> **Instructions to follow**
The goal is a clean copy of all the data below, with pictures dropped and everything else retyped exactly.

Dataset extract: Begin

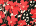 Floral georgette dress Peach / &ldquo;Cherry&rdquo; Red Flowers Animal Print Woman 202TP2522-C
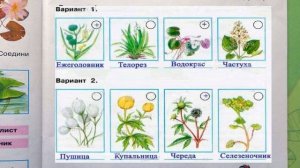 Окружающий мир. Рабочая тетрадь 4 класс 1 часть. ГДЗ стр. 75 №3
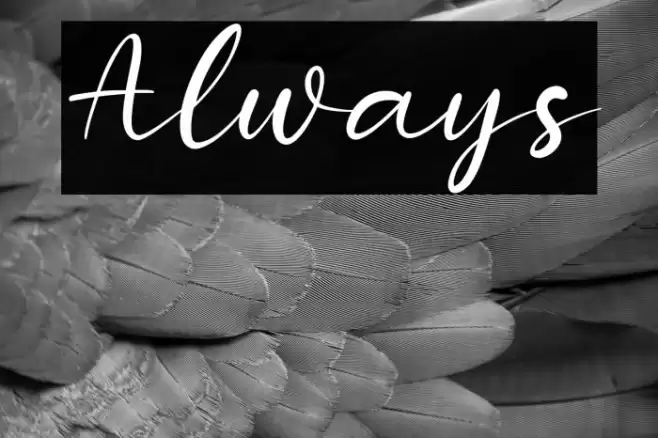 Always Font examples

Dataset extract: End

> **Solution**
 Floral georgette dress Peach / &ldquo;Cherry&rdquo; Red Flowers Animal Print Woman 202TP2522-C
 Окружающий мир. Рабочая тетрадь 4 класс 1 часть. ГДЗ стр. 75 №3
 Always Font examples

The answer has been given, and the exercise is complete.